Operator: Thank you. One moment for our next question. Our next question comes from the line of Surinder Thind with Jefferies. Your line is now open.

Surinder Thind: Thank you. I'd like to revisit the software business and, more specifically, just kind of the bookings. When you think about the client conversations that you've been having, obviously, quite positive, but how much should we attribute to macro because there has been an overall slowdown. So is the earlier commentary that you -- the slowdown is not macro-related to any extent?

Will Lansing: So I think that it's fair to put some of the explanation on macro environment, because what we're not seeing is losses to competition. What we are seeing is projects deferred or taking a little bit longer. And so I think it's very fair to attribute some of that to the macro environment.

Surinder Thind: Got it. And then, I guess, turning to the non-platform piece. When you think about volumes versus pricing, I think you mentioned CPI, but just any other color that you can provide? Is this mostly growth within like Falcon or how does pricing work here? Is it just CPI is the right number and that's how it should continue or how should we think about that?

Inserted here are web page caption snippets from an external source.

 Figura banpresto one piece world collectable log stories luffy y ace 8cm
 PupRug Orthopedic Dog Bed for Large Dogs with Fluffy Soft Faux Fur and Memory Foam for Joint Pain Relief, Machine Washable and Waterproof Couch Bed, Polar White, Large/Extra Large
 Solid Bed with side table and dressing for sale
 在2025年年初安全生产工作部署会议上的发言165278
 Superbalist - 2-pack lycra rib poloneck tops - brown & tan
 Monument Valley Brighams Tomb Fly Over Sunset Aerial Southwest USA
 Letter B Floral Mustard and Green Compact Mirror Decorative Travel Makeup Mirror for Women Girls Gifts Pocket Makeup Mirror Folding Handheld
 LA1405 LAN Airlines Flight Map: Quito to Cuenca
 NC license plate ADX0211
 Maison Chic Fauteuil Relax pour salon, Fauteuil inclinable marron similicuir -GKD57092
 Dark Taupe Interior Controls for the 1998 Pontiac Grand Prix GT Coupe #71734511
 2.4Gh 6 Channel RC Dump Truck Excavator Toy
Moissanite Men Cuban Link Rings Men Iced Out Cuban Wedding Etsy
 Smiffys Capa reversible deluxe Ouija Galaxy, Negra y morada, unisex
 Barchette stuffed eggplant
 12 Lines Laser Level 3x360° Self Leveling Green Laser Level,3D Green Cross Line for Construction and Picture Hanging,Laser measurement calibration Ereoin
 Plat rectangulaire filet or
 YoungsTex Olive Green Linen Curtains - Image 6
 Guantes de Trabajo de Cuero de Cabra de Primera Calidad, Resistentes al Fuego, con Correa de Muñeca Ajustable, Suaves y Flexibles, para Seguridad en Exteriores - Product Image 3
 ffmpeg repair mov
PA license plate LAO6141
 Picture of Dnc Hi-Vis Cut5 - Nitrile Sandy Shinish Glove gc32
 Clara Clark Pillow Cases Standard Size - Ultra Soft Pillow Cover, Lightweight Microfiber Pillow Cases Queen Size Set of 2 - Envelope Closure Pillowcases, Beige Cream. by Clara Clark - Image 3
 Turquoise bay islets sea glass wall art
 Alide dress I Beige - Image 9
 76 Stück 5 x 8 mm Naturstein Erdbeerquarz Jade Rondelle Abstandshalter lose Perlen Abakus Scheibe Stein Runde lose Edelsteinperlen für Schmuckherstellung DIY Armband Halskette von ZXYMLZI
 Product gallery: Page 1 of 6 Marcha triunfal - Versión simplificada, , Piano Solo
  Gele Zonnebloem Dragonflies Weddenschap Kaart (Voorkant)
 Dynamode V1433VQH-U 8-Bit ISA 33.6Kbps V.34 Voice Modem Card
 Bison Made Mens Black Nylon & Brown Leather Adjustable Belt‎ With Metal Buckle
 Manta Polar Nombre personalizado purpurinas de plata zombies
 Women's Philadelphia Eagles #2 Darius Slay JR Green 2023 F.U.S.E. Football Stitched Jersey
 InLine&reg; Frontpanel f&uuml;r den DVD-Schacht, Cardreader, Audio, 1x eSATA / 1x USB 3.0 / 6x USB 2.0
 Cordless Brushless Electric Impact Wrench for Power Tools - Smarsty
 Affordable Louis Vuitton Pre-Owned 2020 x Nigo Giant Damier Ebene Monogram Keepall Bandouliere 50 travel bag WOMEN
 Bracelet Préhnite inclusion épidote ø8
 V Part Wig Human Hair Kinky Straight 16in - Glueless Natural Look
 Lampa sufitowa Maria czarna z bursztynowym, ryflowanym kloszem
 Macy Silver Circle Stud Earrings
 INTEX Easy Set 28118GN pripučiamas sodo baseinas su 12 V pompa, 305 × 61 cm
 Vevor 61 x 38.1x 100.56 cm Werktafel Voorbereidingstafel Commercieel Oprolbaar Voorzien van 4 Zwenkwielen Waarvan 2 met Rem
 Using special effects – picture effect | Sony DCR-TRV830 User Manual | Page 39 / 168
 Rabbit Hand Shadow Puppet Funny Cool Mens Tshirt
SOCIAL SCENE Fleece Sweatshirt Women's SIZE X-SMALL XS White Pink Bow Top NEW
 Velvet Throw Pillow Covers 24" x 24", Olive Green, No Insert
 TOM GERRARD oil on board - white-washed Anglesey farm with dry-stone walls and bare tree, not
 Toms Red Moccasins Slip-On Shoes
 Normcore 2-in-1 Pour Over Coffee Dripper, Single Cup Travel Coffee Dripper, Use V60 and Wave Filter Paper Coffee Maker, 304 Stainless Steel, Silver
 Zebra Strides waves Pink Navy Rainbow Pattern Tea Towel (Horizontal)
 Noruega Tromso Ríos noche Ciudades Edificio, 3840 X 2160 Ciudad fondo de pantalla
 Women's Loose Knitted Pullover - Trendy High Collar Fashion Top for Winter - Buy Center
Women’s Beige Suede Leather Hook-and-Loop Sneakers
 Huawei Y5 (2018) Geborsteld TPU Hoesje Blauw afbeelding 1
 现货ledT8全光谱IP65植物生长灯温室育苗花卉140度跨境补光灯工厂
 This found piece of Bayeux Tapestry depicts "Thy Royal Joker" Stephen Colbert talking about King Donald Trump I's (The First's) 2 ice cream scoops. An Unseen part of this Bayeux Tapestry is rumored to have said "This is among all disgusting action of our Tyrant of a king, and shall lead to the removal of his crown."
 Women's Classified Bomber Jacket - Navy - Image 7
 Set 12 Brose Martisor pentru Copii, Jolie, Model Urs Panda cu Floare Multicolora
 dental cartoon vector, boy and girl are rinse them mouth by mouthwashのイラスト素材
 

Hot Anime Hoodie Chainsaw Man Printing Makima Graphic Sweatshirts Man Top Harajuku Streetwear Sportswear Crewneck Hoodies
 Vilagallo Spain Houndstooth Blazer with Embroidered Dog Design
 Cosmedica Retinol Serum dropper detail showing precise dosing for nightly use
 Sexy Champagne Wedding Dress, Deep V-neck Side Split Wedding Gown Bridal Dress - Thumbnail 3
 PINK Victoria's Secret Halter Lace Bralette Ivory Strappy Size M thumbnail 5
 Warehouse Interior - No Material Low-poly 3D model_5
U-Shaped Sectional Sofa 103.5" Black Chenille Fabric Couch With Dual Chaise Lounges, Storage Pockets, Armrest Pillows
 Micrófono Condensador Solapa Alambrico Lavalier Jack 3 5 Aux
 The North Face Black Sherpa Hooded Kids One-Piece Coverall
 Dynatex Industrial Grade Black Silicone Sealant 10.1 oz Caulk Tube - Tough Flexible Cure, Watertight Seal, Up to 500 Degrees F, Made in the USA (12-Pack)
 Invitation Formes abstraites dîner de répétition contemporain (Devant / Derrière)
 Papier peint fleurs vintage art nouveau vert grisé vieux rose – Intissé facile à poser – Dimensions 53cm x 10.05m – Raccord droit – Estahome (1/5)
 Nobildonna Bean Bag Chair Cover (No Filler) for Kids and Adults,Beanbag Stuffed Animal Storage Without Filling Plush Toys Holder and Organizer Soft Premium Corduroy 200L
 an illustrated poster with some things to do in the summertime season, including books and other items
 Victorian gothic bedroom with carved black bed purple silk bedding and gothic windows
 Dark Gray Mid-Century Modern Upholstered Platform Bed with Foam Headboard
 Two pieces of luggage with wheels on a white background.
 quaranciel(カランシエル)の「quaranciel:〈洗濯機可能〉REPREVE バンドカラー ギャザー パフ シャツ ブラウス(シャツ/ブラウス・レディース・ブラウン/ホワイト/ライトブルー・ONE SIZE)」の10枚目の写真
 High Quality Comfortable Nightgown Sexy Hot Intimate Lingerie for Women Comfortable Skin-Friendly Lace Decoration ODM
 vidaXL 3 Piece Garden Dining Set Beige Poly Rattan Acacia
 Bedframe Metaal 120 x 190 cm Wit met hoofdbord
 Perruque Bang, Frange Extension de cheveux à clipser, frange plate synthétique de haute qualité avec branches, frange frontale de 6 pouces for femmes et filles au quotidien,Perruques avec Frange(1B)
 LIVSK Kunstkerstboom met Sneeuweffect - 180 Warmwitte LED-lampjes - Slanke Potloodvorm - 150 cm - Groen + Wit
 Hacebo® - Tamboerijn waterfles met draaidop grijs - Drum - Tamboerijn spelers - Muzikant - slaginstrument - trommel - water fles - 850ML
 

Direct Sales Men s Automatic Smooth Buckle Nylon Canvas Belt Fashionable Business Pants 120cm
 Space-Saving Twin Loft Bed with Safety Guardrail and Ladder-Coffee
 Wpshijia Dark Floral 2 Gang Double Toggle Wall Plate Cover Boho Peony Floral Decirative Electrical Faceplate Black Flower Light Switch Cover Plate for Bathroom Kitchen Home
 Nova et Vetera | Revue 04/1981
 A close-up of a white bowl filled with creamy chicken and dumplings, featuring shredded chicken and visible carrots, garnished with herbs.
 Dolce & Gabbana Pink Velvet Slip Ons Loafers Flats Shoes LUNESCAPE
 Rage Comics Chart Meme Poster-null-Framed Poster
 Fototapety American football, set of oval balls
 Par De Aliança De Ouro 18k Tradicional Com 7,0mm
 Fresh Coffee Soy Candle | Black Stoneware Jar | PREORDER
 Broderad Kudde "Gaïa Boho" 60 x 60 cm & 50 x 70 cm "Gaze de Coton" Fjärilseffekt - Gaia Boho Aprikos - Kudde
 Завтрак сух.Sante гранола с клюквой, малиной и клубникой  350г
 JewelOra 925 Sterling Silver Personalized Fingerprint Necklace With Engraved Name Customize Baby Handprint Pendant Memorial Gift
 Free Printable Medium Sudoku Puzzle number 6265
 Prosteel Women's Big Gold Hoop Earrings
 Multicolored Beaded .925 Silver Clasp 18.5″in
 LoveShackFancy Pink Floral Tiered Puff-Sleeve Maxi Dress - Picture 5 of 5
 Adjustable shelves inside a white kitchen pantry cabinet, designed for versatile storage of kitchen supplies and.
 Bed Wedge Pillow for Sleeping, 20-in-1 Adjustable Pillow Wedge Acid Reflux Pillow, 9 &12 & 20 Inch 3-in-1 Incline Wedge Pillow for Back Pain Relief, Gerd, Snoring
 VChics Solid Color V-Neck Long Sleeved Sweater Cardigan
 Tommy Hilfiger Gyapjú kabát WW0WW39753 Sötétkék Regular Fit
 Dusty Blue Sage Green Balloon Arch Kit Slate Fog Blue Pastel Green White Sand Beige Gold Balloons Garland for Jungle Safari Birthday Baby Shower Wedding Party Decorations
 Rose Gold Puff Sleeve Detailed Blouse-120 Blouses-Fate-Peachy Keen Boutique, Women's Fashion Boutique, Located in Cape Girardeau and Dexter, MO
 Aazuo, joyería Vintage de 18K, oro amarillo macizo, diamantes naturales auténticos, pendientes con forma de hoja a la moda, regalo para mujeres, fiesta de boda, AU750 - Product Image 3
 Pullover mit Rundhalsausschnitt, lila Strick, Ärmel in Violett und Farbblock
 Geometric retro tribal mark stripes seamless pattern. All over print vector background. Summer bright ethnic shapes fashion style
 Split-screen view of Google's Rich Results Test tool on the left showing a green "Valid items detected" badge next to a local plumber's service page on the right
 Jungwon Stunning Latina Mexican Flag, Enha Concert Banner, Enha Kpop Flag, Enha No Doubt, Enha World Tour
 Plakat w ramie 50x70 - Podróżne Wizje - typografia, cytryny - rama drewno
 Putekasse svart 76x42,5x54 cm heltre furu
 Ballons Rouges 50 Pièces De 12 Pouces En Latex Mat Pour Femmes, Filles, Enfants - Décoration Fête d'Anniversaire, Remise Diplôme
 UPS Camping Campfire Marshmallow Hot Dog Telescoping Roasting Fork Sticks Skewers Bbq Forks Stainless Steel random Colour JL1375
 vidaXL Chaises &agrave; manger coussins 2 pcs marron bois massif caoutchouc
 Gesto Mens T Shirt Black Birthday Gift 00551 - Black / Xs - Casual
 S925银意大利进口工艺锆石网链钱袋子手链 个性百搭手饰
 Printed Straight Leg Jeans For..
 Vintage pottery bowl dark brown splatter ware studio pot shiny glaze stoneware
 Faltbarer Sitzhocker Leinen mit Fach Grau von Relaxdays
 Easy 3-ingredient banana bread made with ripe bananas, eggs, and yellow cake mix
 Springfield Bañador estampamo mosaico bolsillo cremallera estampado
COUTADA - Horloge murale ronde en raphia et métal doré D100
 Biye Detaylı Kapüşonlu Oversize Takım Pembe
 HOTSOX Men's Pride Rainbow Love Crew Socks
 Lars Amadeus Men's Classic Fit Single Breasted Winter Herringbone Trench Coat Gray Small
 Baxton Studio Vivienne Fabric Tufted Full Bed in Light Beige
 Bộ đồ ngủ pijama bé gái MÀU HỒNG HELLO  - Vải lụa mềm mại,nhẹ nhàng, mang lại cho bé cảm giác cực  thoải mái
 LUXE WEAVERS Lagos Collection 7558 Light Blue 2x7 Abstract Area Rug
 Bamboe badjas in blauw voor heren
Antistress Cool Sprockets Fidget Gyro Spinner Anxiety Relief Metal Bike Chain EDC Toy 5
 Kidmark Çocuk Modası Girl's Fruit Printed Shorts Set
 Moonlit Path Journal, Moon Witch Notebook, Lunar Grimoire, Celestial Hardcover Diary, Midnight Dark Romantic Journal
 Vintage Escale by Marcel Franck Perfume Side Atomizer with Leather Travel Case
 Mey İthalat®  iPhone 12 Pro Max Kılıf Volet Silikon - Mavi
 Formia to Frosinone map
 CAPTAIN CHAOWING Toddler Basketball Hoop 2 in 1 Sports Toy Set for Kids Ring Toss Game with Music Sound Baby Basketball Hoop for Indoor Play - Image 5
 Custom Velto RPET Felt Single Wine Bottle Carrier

Will Lansing: There -- so as you know, the non-platform business is very mature and we're deeply embedded and yet our customers prefer to -- often prefer to renew and renew and renew. And so there's a cycle of multiple renewals typically associated with our licensed software, with our -- and with our legacy and non-platform software. You know, our philosophy is to not push the limits on pricing there. These are -- the customers are the same customers who are buying platform from us and customers that we'll have a relationship with for the next 20 or 30-years. And so it's not about harvesting and gouging. We raise our prices to cover costs of adding features and functionality and cyber security and keeping the products current. But we're not really pushing the limits of what could be done on price there and don't really intend to.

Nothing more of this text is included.